Gita in montagna si trasforma in un incubo: in quattro restano bloccati dalla tormenta, tra neve e freddo e un'escursionista si ferisce al ginocchio
Durante il tentativo di discesa, le difficili condizioni meteo e la neve li hanno costretti a rientrare al rifugio Manzini, bagnati e infreddoliti, da dove hanno chiesto aiuto

MONTE AMARO. Hanno tentato di rientrare a valle nonostante le avverse condizioni meteo ma, bagnati e incapaci di proseguire, hanno deciso di rientrare al rifugio a quota 2.400 sulla Maiella e di chiamare il Soccorso alpino.
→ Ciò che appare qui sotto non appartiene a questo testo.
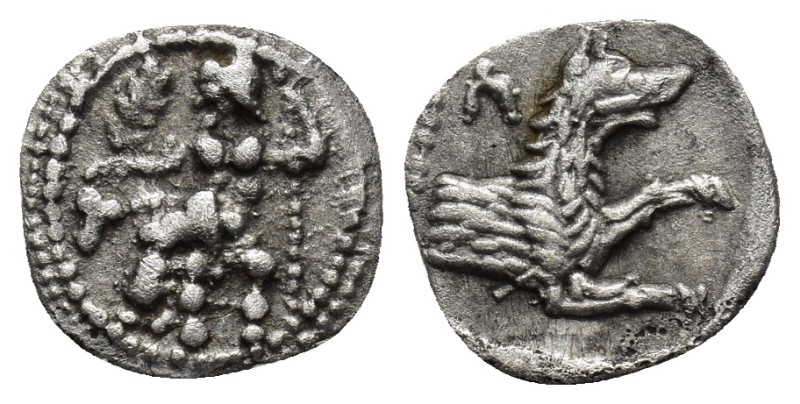 LYCAONIA. Laranda. Circa 324/3 BC. Obol (0.70 Gr. 12mm.). 
Baal seated left, hol...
Il gruppo, composto da 4 escursionisti, era salito nella giornata di ieri (5 ottobre) verso la vetta del Monte Amaro e aveva deciso di sostare al rifugio dopo che uno dei componenti, una donna, aveva riportato un trauma al ginocchio.
Durante il tentativo di discesa, le difficili condizioni meteo e la neve li hanno costretti a rientrare al rifugio Manzini, bagnati e infreddoliti, da dove hanno chiesto aiuto.
Le squadre di terra del Soccorso alpino abruzzese hanno raggiunto il gruppo nonostante una tormenta di neve e visibilità ridotta, orientandosi con il supporto del Gps. Una volta raggiunti e stabilizzati gli escursionisti, è stato richiesto l’intervento aereo per il recupero in sicurezza.
Grazie al consolidato rapporto di collaborazione tra il Soccorso Alpino e l'Aeronautica Militare, è stato attivato tramite il Rescue Coordination Center del Comando operazioni aerospaziali un elicottero dell’85° Centro Sar del 15° Stormo, decollato da Pratica di Mare.
Il mezzo ha raggiunto l’area, imbarcato i quattro escursionisti e li ha trasportati all’ospedale di Chieti per le verifiche sanitarie. In seguito con una seconda rotazione l’elicottero ha recuperato anche i tecnici della squadra di terra del Soccorso alpino. Le operazioni si sono concluse intorno alle 23.